June Choe: Reflections on useR! 2022

Context

I’ve had my eyes on useR! 2022 ever since they announced it - I had my package {ggtrace} that I’d been developing for about half a year by the time calls for abstracts were announced, and thought that it’d make a good submission for my “debut” into the “academic” R world. I’ve built up a bit of a resistance against going to online conferences over the covid years but I’ve never been to an R conference before and I’ve heard good things about the last virtual useR! 2021, so I was actually very excited about the prospect of attending.

In short I’m very very glad I did and it was very educational! It was a great first R conference for me.

Also if you’re wondering why I’m writing this over a month after the conference ended, it’s because I had to immediately switch gears to rstudioconf prep (sorry!).

Submission process

The submission process was incredibly simple,¹ and that low barrier to entry was part of the reason that convinced me to apply. The submission form consisted of a 250-word abstract that I typed up into a textbox input field, along with relevant links about my project.²

I also applied for the diversity scholarship, which was a separate form sent to me after I got accepted for a talk.
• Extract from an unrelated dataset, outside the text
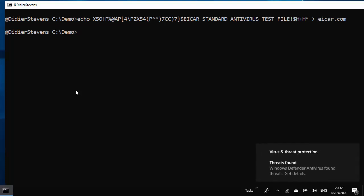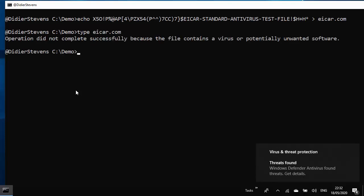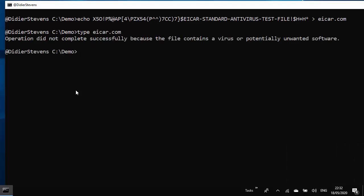And here you see the detection. And if I type EICAR.com, access is blocked.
I’ve never applied for these kind of things before, but when it came to R I felt like I could really use this to advocate for myself and others who share my background (students in traditionally “humanities” and “soft science” departments) to convince their programs about the benefits of students being involved in the R community. I’m fortunate enough to be in a program that’s recently been making a lot of effort to incorporate R/programming into doing science,³ but me, being selfish, wanted even more R in my life. The conference generously offered me the diversity scholarship and I am incredibly honored! It covered my registration fee and allowed me to attend two workshops, which I’ll talk about later.
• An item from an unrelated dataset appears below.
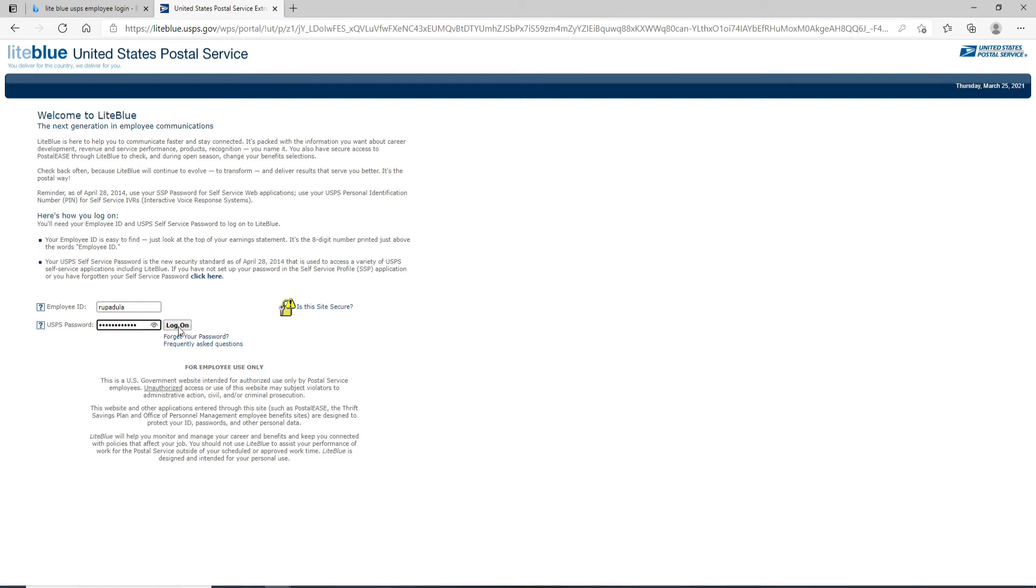After you're done, click on log on and you'll be able to log into your employee account for Lightblue USPS.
Here’s the timeline of how things went for me:

March 4: I submitted my abstract for a talk
March 15: Abstract deadline for talks and elevator pitches
April 19: Notification of acceptance
April 27: Invitation to apply for the diversity scholarship
May 13: Notification of diversity scholarship offer

Walkshops and talks I attended

Here are my notes from the workshops and some of the talks I attended, in no particular order. Keep in mind that I was attending from home in Korea, so I missed a few live talks and didn’t have great notes for others (I’ll be catching up through the recordings).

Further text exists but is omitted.